Business is getting better at E-Trade Financial (NASDAQ:ETFC), and that has investors wondering who — if anyone — will buy the once-troubled online broker. Charles Schwab (NASDAQ:SCHW) and TD Ameritrade (NASDAQ:AMTD) are the leading candidates, although both will have a hard time pulling the trigger given E-Trade’s risky mortgage portfolio.
Forget mergers and acquisitions for a second, though, and instead let’s focus on the two potential suitors. The way I see it, investors should sell Schwab and buy TD Ameritrade. Here’s why:
Both firms have a decent amount. TD Ameritrade’s insiders include founder Joe Ricketts, who recently retired from the board to dedicate more time to his other ventures, the Chicago Cubs and the American Film Company. All told, its executive officers and directors as a group own 13.6% of its stock. Charles Schwab’s insider ownership is 17.5%, with most held by its founder, Charles R. Schwab.
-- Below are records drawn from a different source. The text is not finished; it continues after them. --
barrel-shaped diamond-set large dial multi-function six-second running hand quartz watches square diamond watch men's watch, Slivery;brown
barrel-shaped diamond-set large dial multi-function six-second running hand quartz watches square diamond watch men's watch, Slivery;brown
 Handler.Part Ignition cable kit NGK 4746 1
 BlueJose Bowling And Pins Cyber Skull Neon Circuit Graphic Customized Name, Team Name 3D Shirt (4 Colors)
What breaks the stalemate in terms of ownership is Toronto-Dominion Bank (NYSE:TD), TD Ameritrade’s largest shareholder at 45%. TD sold its former discount broker in 2005 to Ameritrade and stayed on for the ride. Electing five of the 12 members of the board, it should be reassuring to TD Ameritrade investors that a bank as capably run as TD continues to value its investment in the discount broker. It certainly gives TD Ameritrade an edge when it comes to financing growth. Risk-averse investors might even consider owning TD Bank stock instead, which gives you indirect ownership in TD Ameritrade as well as direct ownership in one of the world’s best-run banks.
We’re comparing apples and oranges in this instance because TD Ameritrade’s most recent quarter is its third, but it is Charles Schwab’s second. Nonetheless, we still can look at some of the key numbers from both their quarterly reports.
In terms of pre-tax profit margin, TD Ameritrade’s is 460 basis points higher at 37%. TD Ameritrade also had a higher annualized return on shareholder equity at 15.1% — 110 basis points higher than Charles Schwab. TD Ameritrade’s total client assets increased 28% to $414 billion, while Charles Schwab’s client assets were $1.7 trillion — an increase of 22%.